Your task » Your output should be everything below from the line containing "Kaito Kidd is coming" down to the line containing "JB/T 9927.1-2019 短螺纹铣床", both ends included, copied exactly, with pictures left out.

Input material »
★ ★ ★
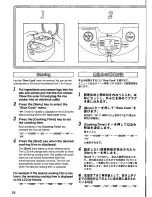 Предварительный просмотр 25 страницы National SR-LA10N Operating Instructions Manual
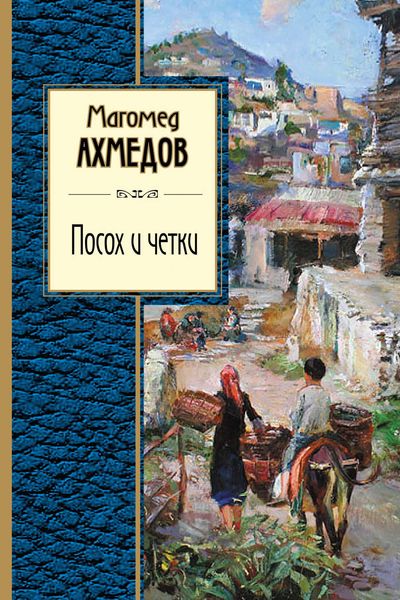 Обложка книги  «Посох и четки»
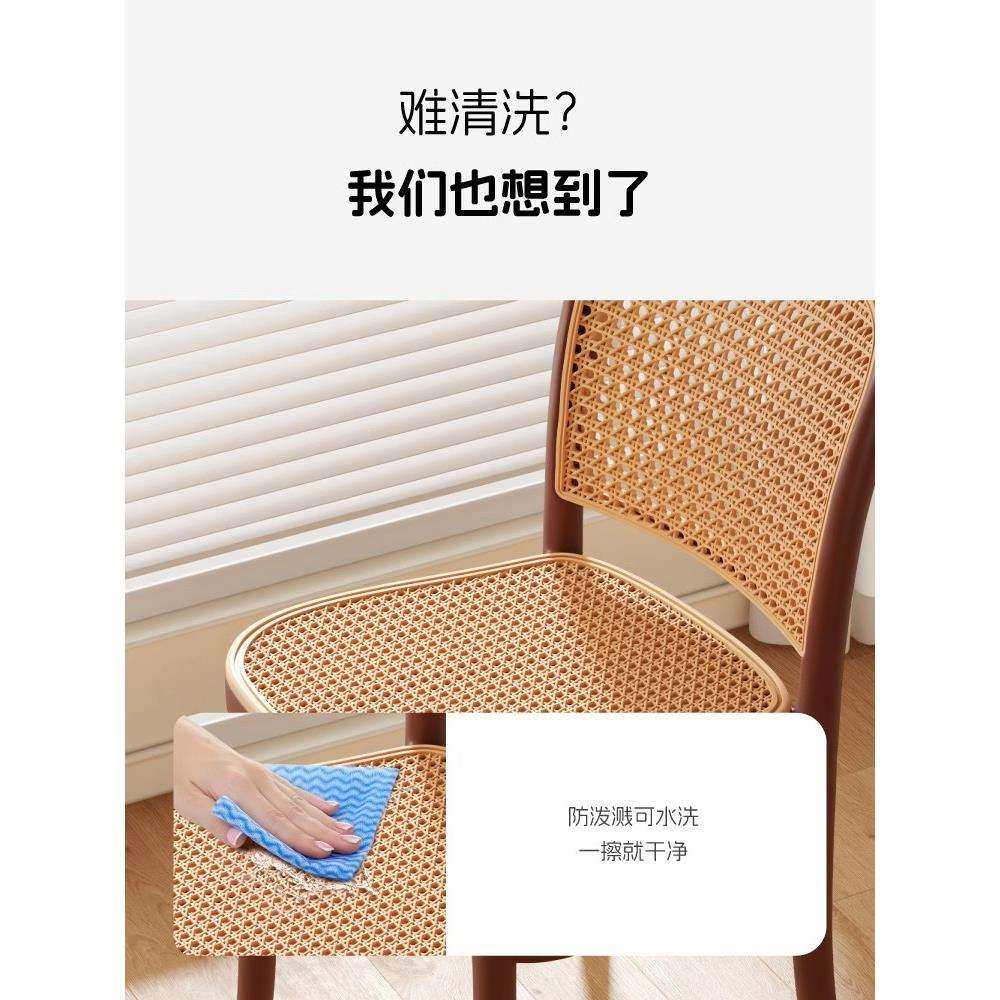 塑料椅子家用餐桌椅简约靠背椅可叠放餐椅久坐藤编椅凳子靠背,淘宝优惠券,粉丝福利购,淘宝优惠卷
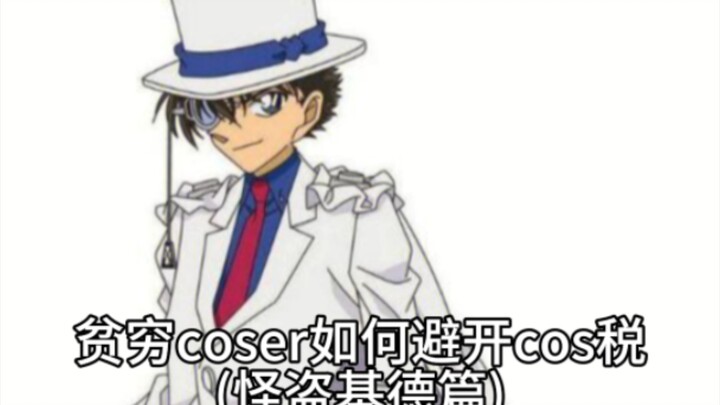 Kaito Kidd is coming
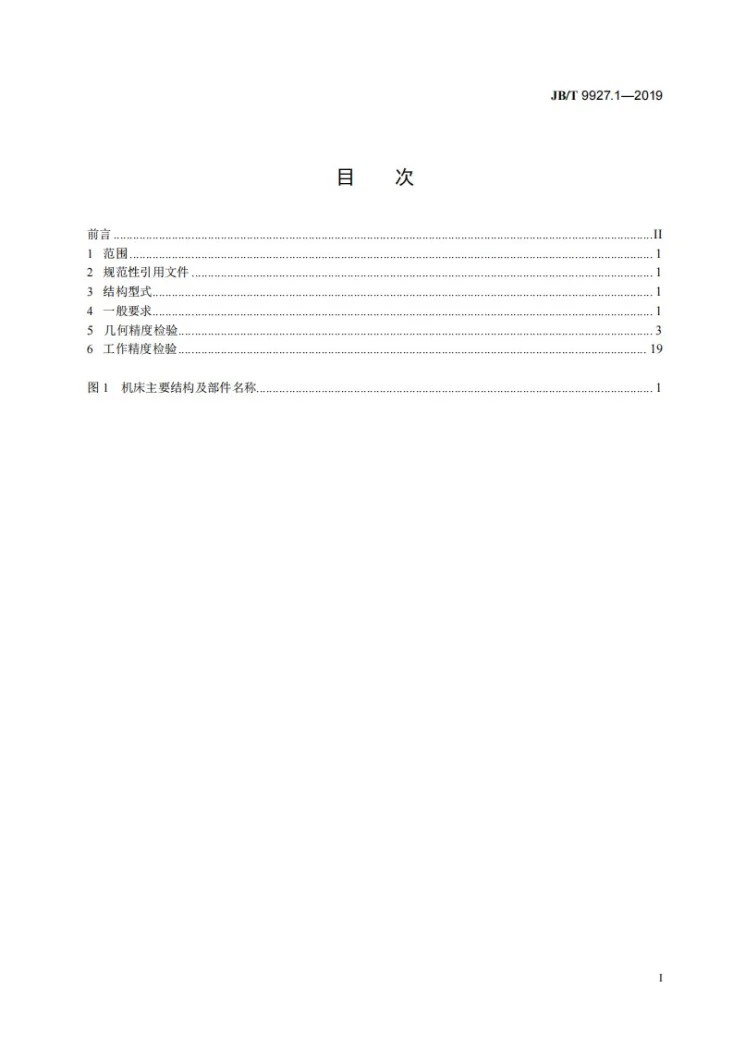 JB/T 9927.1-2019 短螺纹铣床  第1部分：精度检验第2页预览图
★ ★ ★
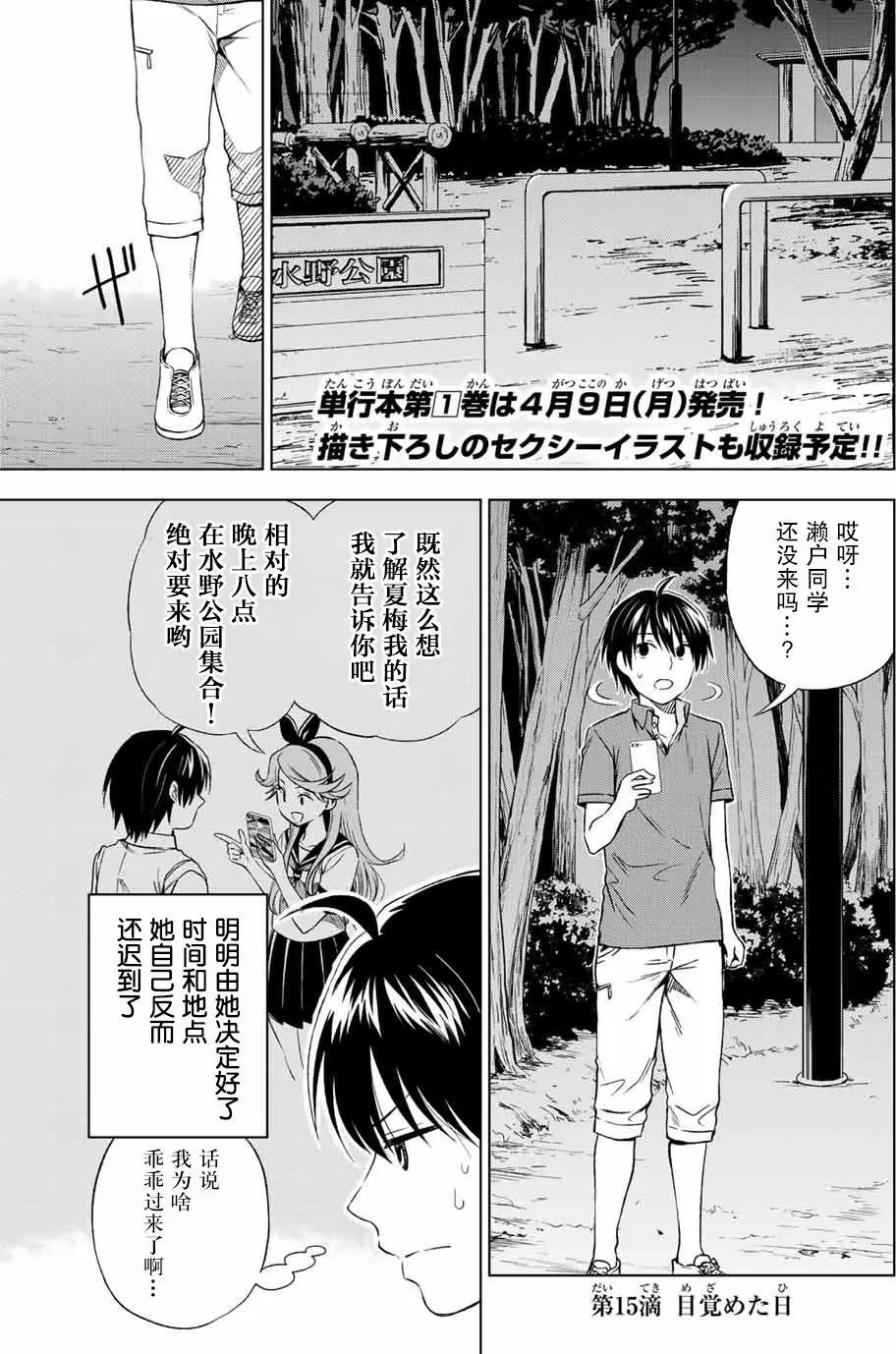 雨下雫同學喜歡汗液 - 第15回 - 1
★ ★ ★
Your solution »
 Kaito Kidd is coming
 JB/T 9927.1-2019 短螺纹铣床  第1部分：精度检验第2页预览图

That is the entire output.